Aim of the task:
Reproduce the records below exactly, but only between the lines holding "लालू यादव ने" and "Papst Benedikt XVI.", inclusive.

[Items from a dataset]
....

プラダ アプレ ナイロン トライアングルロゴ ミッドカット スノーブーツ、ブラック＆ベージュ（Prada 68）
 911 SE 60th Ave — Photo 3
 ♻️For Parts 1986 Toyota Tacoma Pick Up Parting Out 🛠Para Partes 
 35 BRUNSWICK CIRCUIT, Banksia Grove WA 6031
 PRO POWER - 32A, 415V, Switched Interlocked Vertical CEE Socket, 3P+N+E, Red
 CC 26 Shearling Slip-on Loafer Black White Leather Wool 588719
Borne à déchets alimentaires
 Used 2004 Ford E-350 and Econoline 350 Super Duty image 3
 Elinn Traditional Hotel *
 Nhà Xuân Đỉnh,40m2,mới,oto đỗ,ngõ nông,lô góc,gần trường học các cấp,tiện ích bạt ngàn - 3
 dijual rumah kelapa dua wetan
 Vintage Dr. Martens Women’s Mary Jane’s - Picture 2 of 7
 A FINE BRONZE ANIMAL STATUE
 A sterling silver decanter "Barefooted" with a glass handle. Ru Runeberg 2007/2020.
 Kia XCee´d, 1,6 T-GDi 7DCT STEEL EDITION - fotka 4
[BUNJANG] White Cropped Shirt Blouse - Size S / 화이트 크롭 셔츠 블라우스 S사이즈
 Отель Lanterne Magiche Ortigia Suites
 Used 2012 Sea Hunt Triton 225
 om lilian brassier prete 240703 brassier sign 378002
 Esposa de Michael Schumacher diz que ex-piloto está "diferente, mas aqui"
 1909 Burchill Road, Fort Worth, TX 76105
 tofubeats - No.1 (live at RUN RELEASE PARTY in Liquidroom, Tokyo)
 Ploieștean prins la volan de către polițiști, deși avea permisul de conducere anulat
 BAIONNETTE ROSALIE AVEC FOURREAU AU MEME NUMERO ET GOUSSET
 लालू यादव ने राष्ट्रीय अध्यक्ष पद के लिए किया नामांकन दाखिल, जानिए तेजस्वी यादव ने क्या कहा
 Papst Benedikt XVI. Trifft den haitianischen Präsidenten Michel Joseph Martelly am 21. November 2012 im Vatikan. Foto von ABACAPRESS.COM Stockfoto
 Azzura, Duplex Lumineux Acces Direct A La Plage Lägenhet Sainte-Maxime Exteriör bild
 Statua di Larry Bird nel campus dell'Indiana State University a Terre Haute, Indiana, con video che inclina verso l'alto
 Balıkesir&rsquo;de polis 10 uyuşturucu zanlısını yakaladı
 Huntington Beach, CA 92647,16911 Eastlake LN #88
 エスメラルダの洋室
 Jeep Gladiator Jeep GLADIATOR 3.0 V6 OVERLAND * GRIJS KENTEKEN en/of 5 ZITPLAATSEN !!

....

Solution:
 लालू यादव ने राष्ट्रीय अध्यक्ष पद के लिए किया नामांकन दाखिल, जानिए तेजस्वी यादव ने क्या कहा
 Papst Benedikt XVI. Trifft den haitianischen Präsidenten Michel Joseph Martelly am 21. November 2012 im Vatikan. Foto von ABACAPRESS.COM Stockfoto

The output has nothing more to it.